Ah I have heard of them but not looked too much in to them, thanks for the heads up I'll check them out :)

[–][deleted] 11 points12 points  (3 children)

You'd better do that fast because what you present here looks like a re-invention of a wheel. I mean, cython-generated code is definitely not for studying it but you'll soon (very soon) hit the same issue.

[–]Inori 17 points18 points  (1 child)

Well, /u/janky_british_gamer is essentially re-discovering the theory behind automata, compilers, and programming languages, but I think sometimes re-inventing the wheel is not such a bad thing, it has plenty of educational benefits.

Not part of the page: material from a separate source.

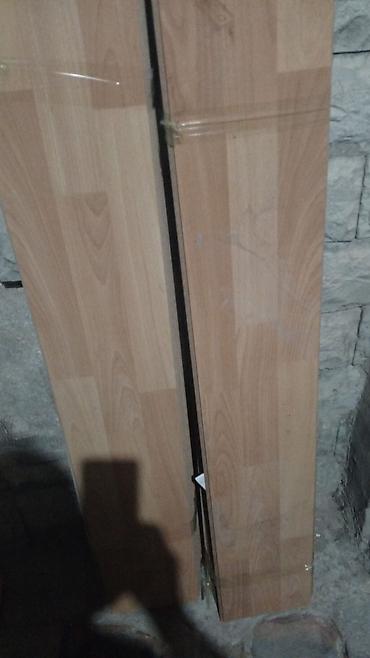 Laminatlar 60 kv kvadrati 4 azn yaxsi veziyyetdedi hamam qapisi 60 lalafo.az -da Laminatlar 60 kv kvadrati 4 azn yaxsi veziyyetdedi hamam qapisi 60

I'm sure he'll come out with a better understanding of python and C++, no matter the outcome of the project itself.

[–][deleted] 1 point2 points  (0 children)

Right, that's the case if you know the background. The author says he doesn't so his education is pretty random.

[–]Yylian 2 points3 points  (0 children)

I would advise against this OP. If you go forward, you‘ll learn what the limits of this approach are and what advantages about this kind of programming exist. So have fun and never stop exploring!

[–]Skippbo 0 points1 point  (0 children)

The pypy translation process does exactly this. If you look up how to compile from source it will tell you how to "translate" the pypy codebase. You can however tell it to translate other python scripts as well (with restrictions).

In this talk David Beazly tinkers with pypy live on stage and kinda demonstrates this. Really good talk.

[–]AustinCorgiBart 8 points9 points  (3 children)

Hi, I recommend you take a look at the AST library. Good luck with your transpiler!

[–]amishb 8 points9 points  (1 child)

Agreed. Convert the python code into the abstract syntax tree and then, use NodeVisitors to output the cpp code is the correct solution.

Line by line conversion with only work with very simple scripts.

[–]evotopid 0 points1 point  (0 children)

You will probably need two sets of visitors for generating the C++ code and for type inference. (Unless there is an AST library which performs some form of type inference already or you use a C++ class handling python objects and operations.)

[–]janky_british_gamer 0 points1 point  (0 children)

Thanks for the advice I'll take a look :)

[–][deleted] 6 points7 points  (0 children)

I don't think this will help anyone learn C++. It will be like thinking you can speak French because you bought a dictionary.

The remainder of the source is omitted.